Never mind that they may be suffering from debilitating physical/mental health issues, poverty, abuse, domestic violence, bigotry, bullying, sexual harassment, parental separation or the death of a loved one. Even if they aren’t suffering from serious problems, the lesson they are taught by having their suffering dismissed is that their pain does not matter - a lesson they will carry into their adulthood when the time will come to deal with serious, traumatic pain.
Invalidated children grow up to become adults who hide, squash, medicate away, ignore and outsource their problems, problems that now have much higher stakes than those of their youth. These adults go on to destroy innocent lives, the fallout of which my own innocent generation will have to grapple with.

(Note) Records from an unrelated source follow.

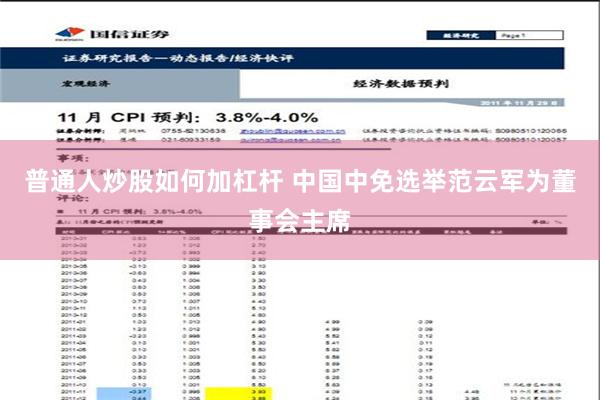 普通人炒股如何加杠杆 中国中免选举范云军为董事会主席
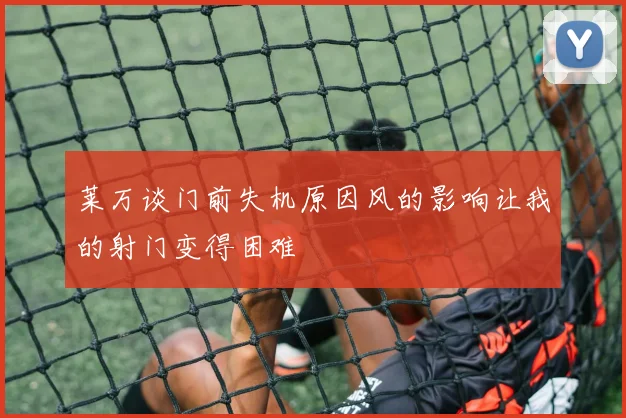 莱万谈门前失机原因风的影响让我的射门变得困难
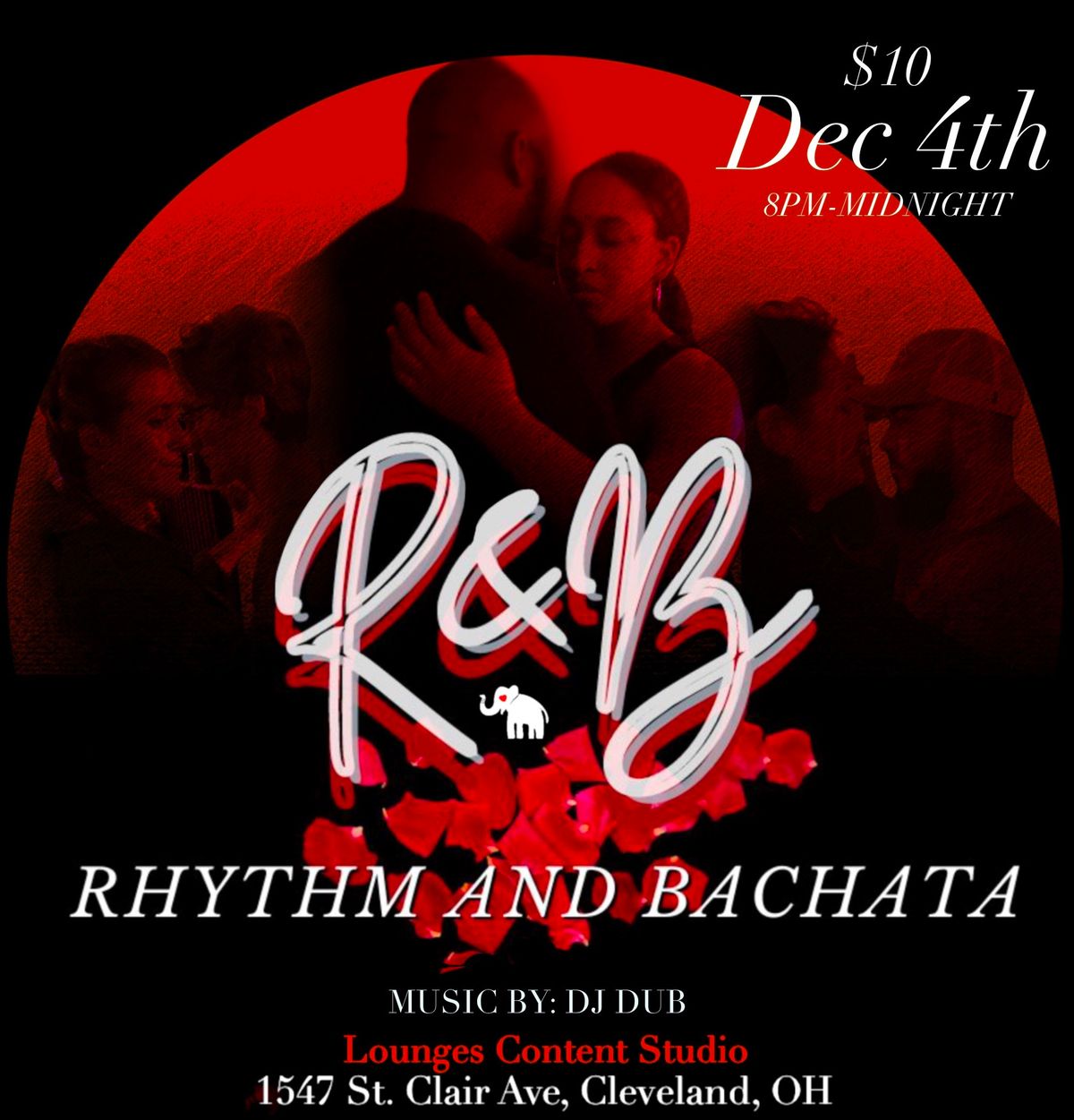 \u2764\ufe0f\u200d\ud83d\udd25 R&B: Rhythm and Bachata \u2764\ufe0f\u200d\ud83d\udd25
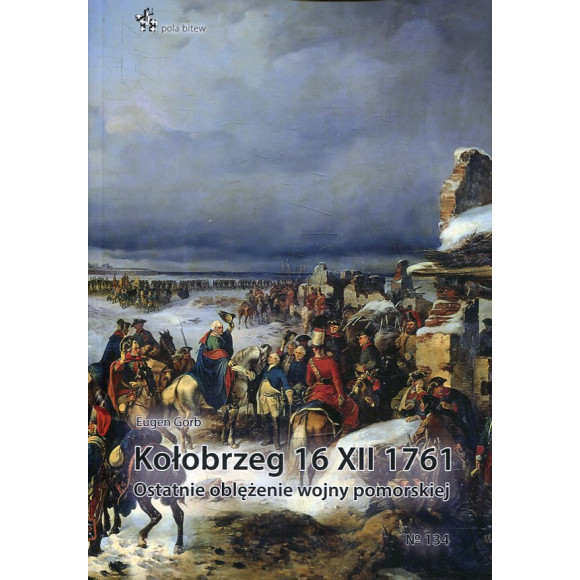 Kołobrzeg 16 XII 1761. Ostatnie oblężenie wojny pomorskiej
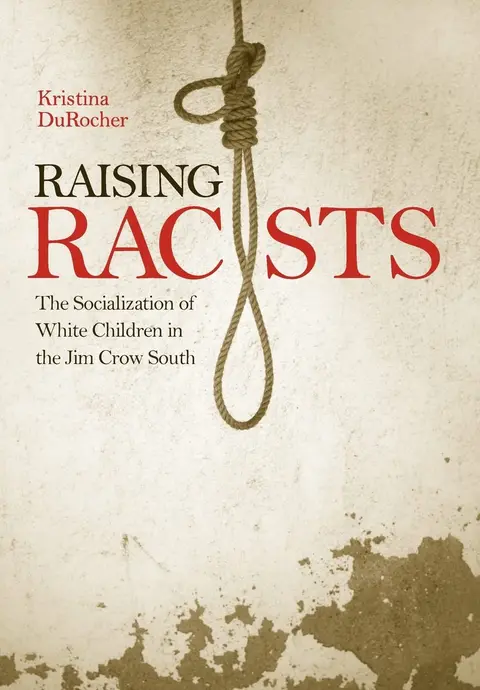 Cover of Raising Racists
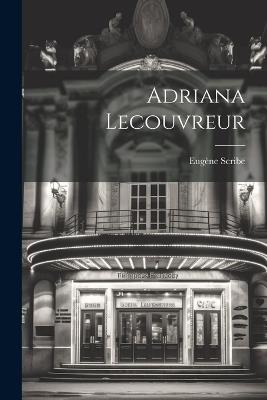 Adriana Lecouvreur - Eugène Scribe - cover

Far from being the carefree sprites enjoying our youth our elders want us to be, my generation is sad and anxious. When we hang out virtually, instead of sharing the latest on parties and hookups, we exchange information about therapy lamp recommendations, which overpriced racist therapists to avoid and the freshest depressing breaking news. We confront darkness because we know that the hefty price of our denial will be our world as we know it. In these times of global pandemic, ecological apocalypse, and social unrest where we aren’t even sure if life as we know it will still be a thing a decade from now, depression, anxiety, sadness, anger, and negative feelings cannot be ignored anymore.
In fact, allowing ourselves to feel these emotions is the first step in finding solutions to our global existential crises. Those solutions are intricate and complex, but they will not happen until our culture carves out a space in our everyday life for our pain. We need to stop aspiring to unvarnished happiness as the purpose of our lives and look beyond for true meaning. In this regard, we can learn greatly from Asian spiritual traditions, such as Taoism and Buddhism, that acknowledge the inevitable reality of shifting cycles of joy and pain inherent in our life journeys that lead us to our higher purpose. Without condoning their oppression, we can learn from elderly Weitou women’s lives whose purpose lay in fulfilling the roles, rituals and traditions that their people designated for their gender - duties that went beyond happiness.
Because our current unrealistic model of pursuing happiness as our main purpose in life is breaking both our spirits and our world. We need to unite together to save our planet and save our own lives from the tyrannical meaninglessness of continuous happiness. It starts by allowing ourselves to feel the losses of our current year and using that sadness to reach out to others who will support us and be supported by us - especially those who have no support whatsoever. We will only truly heal when the hardest hit and the most unsupported among us finally receives adequate support. Despite how hard capitalism might try to convince us, the path to healing ourselves lies in healing others as well.
This may sound like an utopian vision, but if this year has taught us anything at all, it is that self-care and community care are no longer solely issues of ethics, morality or altruism. They are existential issues that concern the continued existence of every single one of us alive today. Whether or not we choose to act in caring ways towards ourselves and our community will determine if we will still have a planet on which we can pursue purposes beyond happiness in the future.